Shadow Secretary of State asks whether Senedd now allowed to break international law after NI crisis
A member of the UK’s shadow cabinet has asked whether it’s now OK for the Senedd to break international law with the UK Government’s blessing after the political crisis in Northern Ireland.
Peter Kyle, the Shadow Secretary for Northern Ireland, spoke out after the UK Government said that Irish sea border checks agreed with the EU were a “matter for the Northern Ireland Executive” and not for them.
“Is the message that the Welsh Senedd or the Scottish Parliament can break international law too and the Government will have nothing to say about it?” he asked.
“It is another piece of vandalism committed against our Union by a reckless Government too busy partying to notice what is going on out there in the real world.”
Yesterday, Northern Ireland’s agriculture minister, the DUP’s Edwin Poots, issued an order to halt all post-Brexit checks on food and farming products coming from the rest of the UK.

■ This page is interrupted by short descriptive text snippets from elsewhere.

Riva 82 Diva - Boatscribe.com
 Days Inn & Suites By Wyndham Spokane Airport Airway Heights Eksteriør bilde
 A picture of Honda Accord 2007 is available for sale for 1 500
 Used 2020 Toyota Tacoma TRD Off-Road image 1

He said he made the decision based on legal advice. But others such as the Republic of Ireland and Sinn Fein, the party the DUP shares power with, said it was unlawful and “a stunt”.
The First Minister of Northern Ireland, the DUP’s Paul Givan, later resigned in protest.
Today, a Belfast court ruled that checks on food and agricultural goods from Britain to Northern Ireland must continue pending a hearing next month.
The situation did not impress Labour MP Peter Kyle, who asked whether the UK Government would turn a blind eye to such shenanigans in Wales or Scotland.
“The same Government are now arguing that upholding the terms of the deal that they negotiated is not even the responsibility of the United Kingdom Government,” he said.
“Instead, they want us to believe that it is a function of the Northern Ireland Executive. In the last week, the Foreign Secretary and the Northern Ireland Secretary said that the Irish sea border checks are a ‘matter for the Northern Ireland Executive’.
“The protocol was signed into international law by the UK Government, and now they are bystanders as their deal falls apart, pathetically claiming that it is all somebody else’s responsibility.”
George Eustice, the Secretary of State for Environment, Food and Rural Affairs, however, defended the UK Government’s statement.
“The honourable Gentleman is right that the United Kingdom takes the lead role when it comes to international agreements—which is why my right honourable Friend the Foreign Secretary is now leading the discussions with her opposite number in the European Commission to resolve some of these issue,” he said.
“But matters such as SPS and agrifood issues are devolved to the Northern Ireland Executive.
“The honourable gentleman asked whether the Secretary of State for Northern Ireland could use reserved powers to issue directions and so on. As he will understand, the bar for such an intervention is high, and rightly so, and is entirely unnecessary at this stage: the checks are continuing and there is currently no change.”